Teori relativitas mengkaji berbagai fenomena alam yang unik. Teori ini mempelajari benda-benda yang bergerak dengan kecepatan sangat tinggi, mendekati kecepatan cahaya. Selain itu, teori ini juga membahas objek yang memiliki massa sangat besar, seperti planet dan bintang.
Menurut Prof Husin, teori relativitas dibangun berdasarkan dua asumsi. Pertama, kecepatan cahaya di ruang hampa adalah konstanta alam semesta. Artinya, kecepatan cahaya selalu sama bagi semua pengamat, tidak peduli seberapa cepat mereka bergerak.
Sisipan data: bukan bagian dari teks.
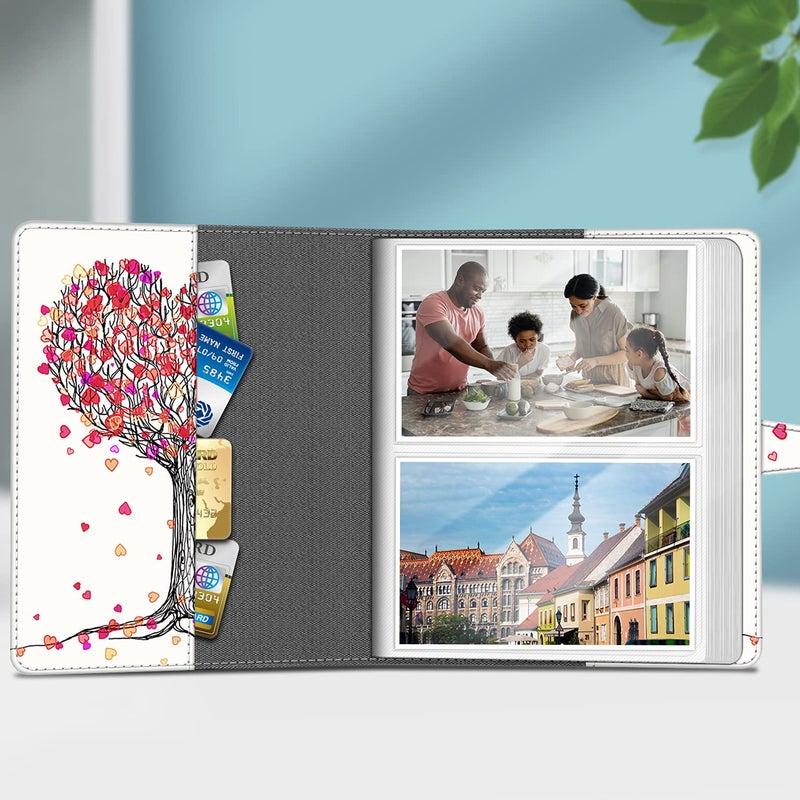 Fintie Fintie Photo Album 4x6 Photos - 112 Photos Premium Vegan Leather Cover with Snap Fastener  Portable Wallet Photo Albums  Autumn Love - Image 2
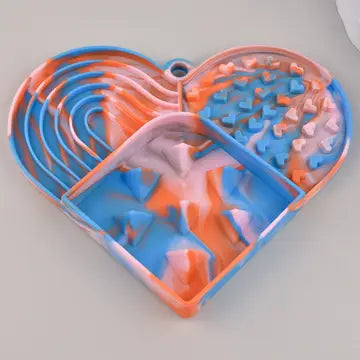 Heart-Shaped Silicone Slow Feeder Mat for Dogs & Cats | 3-in-1 Enrichment Lick Mat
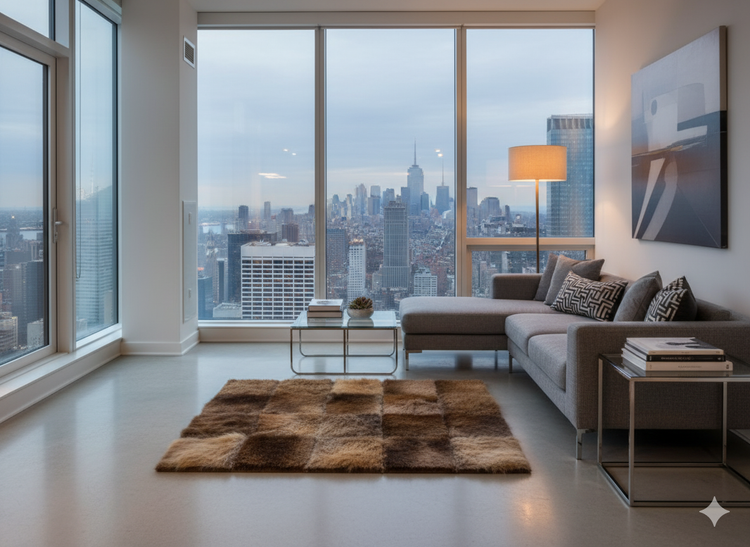 Rectangle Bison Hair-On Hide Area Rug | 5' x 8' Square Patchwork Design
Asumsi kedua lebih kompleks, menurutnya pengamat yang berada pada kerangka acuan non-inersial (mengalami percepatan) tidak dapat membedakan apakah dirinya sedang dipercepat atau berada dalam medan gravitasi yang kuat. Dengan kata lain, efek percepatan dan gravitasi memberikan sensasi yang sama bagi pengamat.
"Asumsi-asumsi tersebut dalam kaitannya dengan aplikasi saat ini telah menjadi dasar dari beberapa teknologi seperti Global Positioning System (GPS), Positron-Electron Emission Tomography (PET) dan juga teknologi nuklir," ucapnya.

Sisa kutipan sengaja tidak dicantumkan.